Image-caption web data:

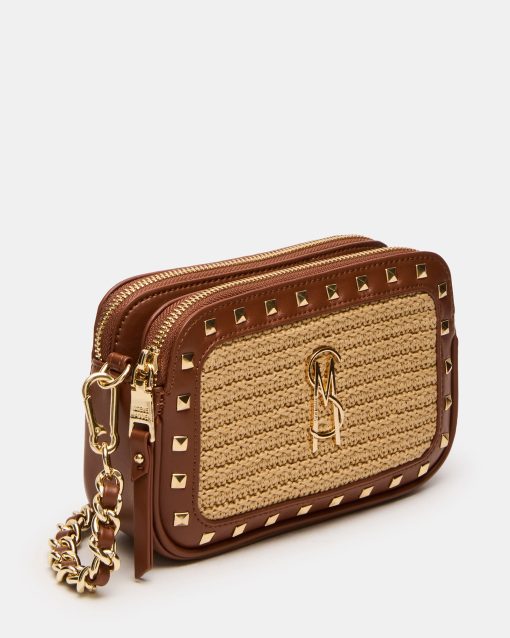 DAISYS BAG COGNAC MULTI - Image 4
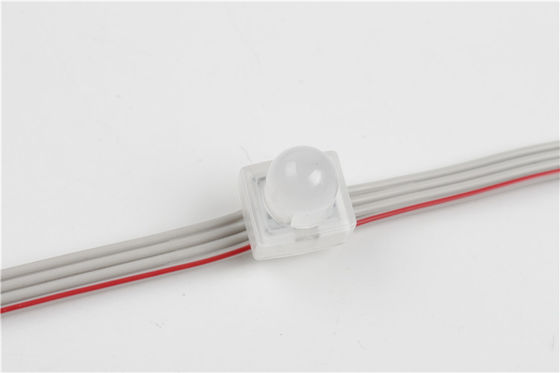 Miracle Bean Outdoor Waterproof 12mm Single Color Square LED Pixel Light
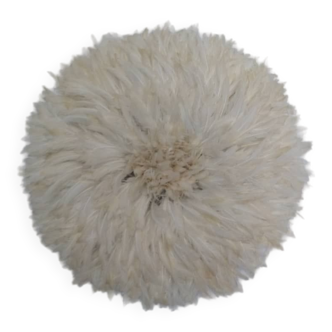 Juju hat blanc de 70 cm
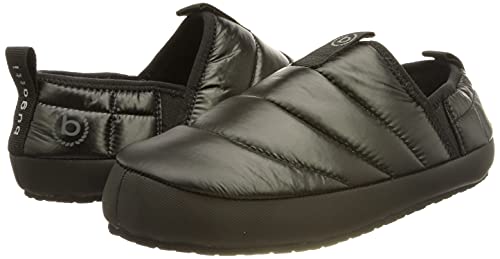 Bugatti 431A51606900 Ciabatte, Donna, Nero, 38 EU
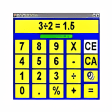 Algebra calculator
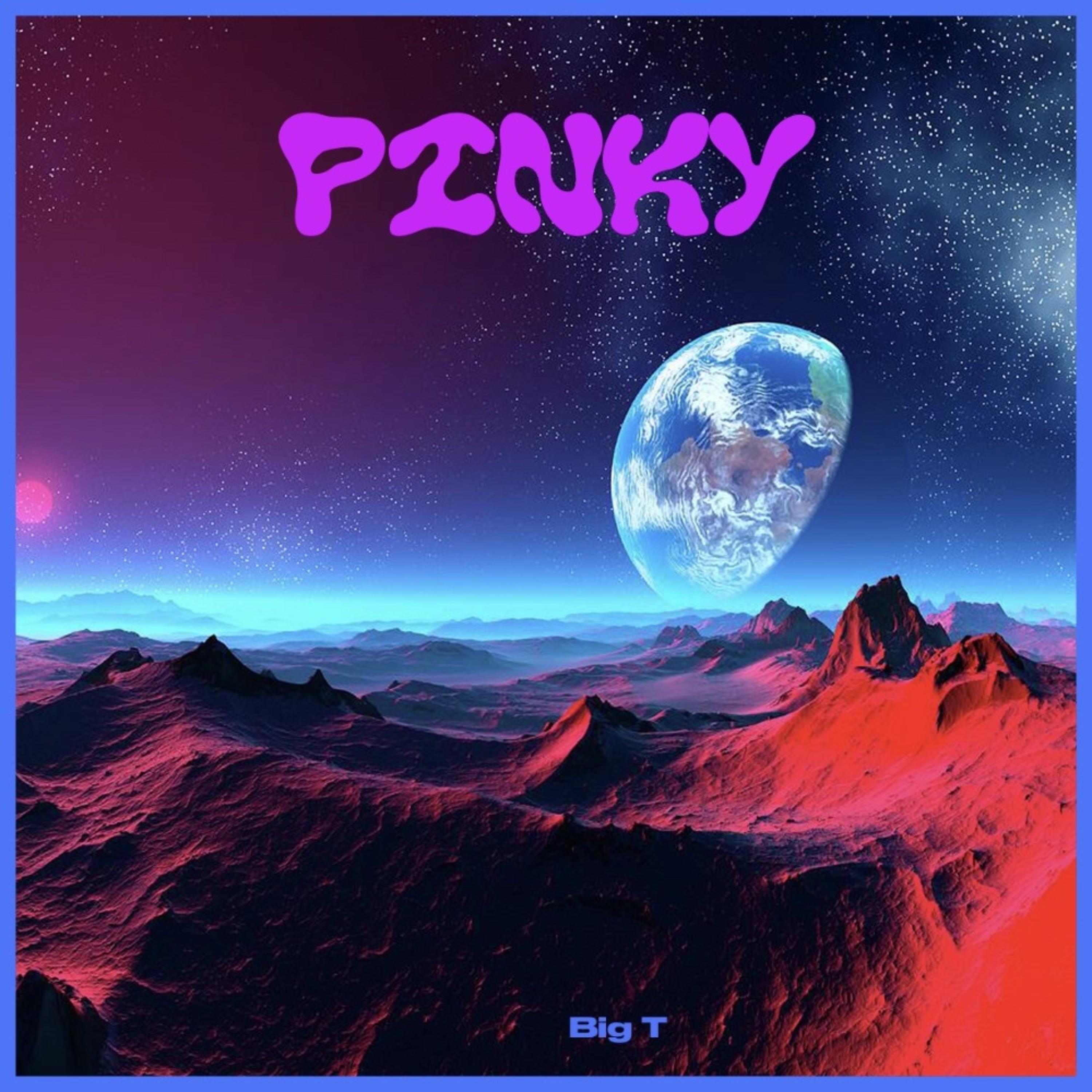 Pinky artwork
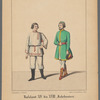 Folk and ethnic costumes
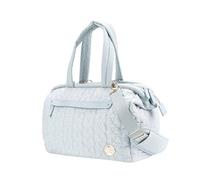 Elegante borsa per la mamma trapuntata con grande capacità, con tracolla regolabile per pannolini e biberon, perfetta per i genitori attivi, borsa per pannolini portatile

Goal of the exercise: When you copy the data, keep every line exact and drop the pictures.

Result below:
 DAISYS BAG COGNAC MULTI - Image 4
 Miracle Bean Outdoor Waterproof 12mm Single Color Square LED Pixel Light
 Juju hat blanc de 70 cm
 Bugatti 431A51606900 Ciabatte, Donna, Nero, 38 EU
 Algebra calculator
 Pinky artwork
 Folk and ethnic costumes
 Elegante borsa per la mamma trapuntata con grande capacità, con tracolla regolabile per pannolini e biberon, perfetta per i genitori attivi, borsa per pannolini portatile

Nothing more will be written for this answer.